I’ve had my say on the election, and don’t intend to engage in post-mortems. The only question of interest for me now is: what to do next?

I can’t see any useful contribution I can make to Australian politics for the moment, though I’m happy to take suggestions. Serious policy development is going to be off the agenda for some time, and I’ve got nothing new to say about political strategy or day-to-day politics.

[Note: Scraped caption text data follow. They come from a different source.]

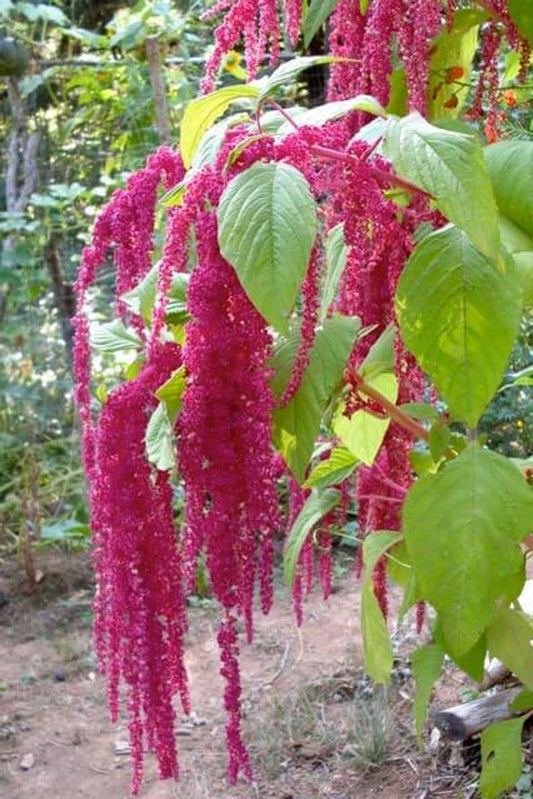 Amaranth Love-lies-bleeding Flower Essence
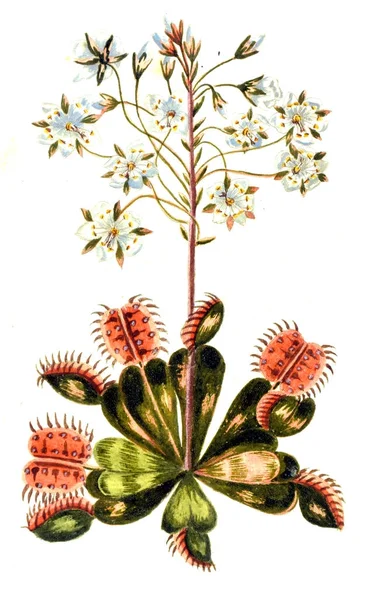 Βοτανική Απεικόνιση Decade Alberi Curiosi Eleganti Piante 1786 — Φωτογραφία Αρχείου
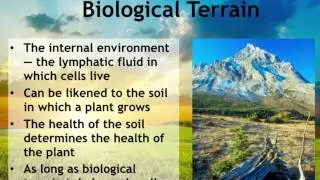 Understanding Health Thru Biological Terrain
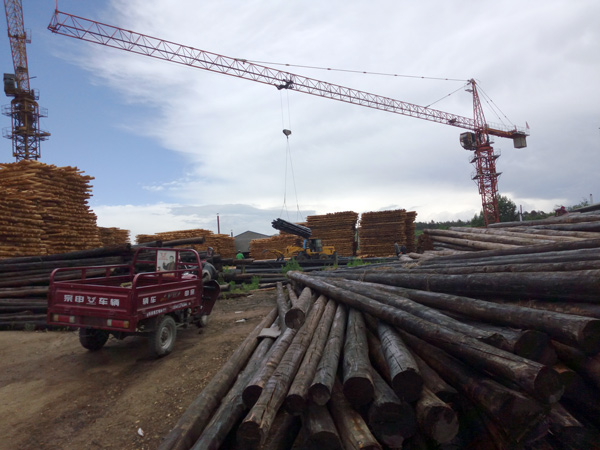 防腐油木桿、防腐油炸桿8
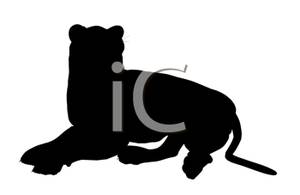 300x195 Of A Tiger Lying Down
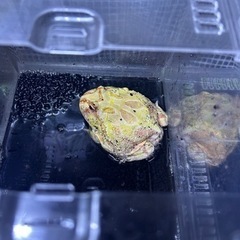 クランウェルツノガエルの画像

‘But the big issues I’m interested in (climate change, and the choice between socialist and Trumpist futures) are global and long-term. I’m going to spend some time thinking and writing about them. I want to put forward some possible visions for the long term (2050 or 2100) future, while maintaining urgency about the threats we face right now.

Adani’s moment of truth

The political campaign against Adani’s Carmichael mine has failed. That’s a big shift from the last Queensland state election, where the state government gained support in the south-east and held on to it in North Queensland. Obviously, Bob Brown’s convoy was counter-productive, perhaps disastrously so, and this failure will undermine any future direct action campaign in the region.

Given the election outcome, the approvals made by the Federal government will stay in place, and the Queensland state government is under immense (I would judge irresistible) pressure to expedite the remaining processes.

But we have been here before. Most of the approvals[1] needed to begin work were completed in 2016, at a time when both the Queensland and Federal governments were highly supportive (Anna Palaszczuk cut the ribbon at the opening of Adani’s Townsville regional HQ in 2017). At the time, I wrote

In summary, we appear likely to find out what happens when a dog catches the car it has been chasing. Adani and its backers have been denouncing green tape and “lawfare” as the only obstacles to the bonanza they have on offer. Now, the legal and administrative obstacles are gone, so they have only to line up the money, rehire the contractors and announce the starting date. My guess is that this will never happen.

That’s still my guess, three years later. The economics of the scaled down project still don’t stack up, and the problems with finance and contractors are even greater now than in 2016. However, there’s nothing more I can do to influence the outcome, so we will just have to wait and see.

Update: I meant to add that, if the project does go ahead, it will almost certainly involve a substantial injection of public money, which will not be recovered. Adani has plenty of form in this respect.

fn1. Obviously, not all of them. But if Adani had wanted to start work in 2016, they could have done so, and, given bipartisan political support, would certainly have found a way to deal with any remaining clearances. In fact, they announced they would be starting work then, and reannounced it in 2017.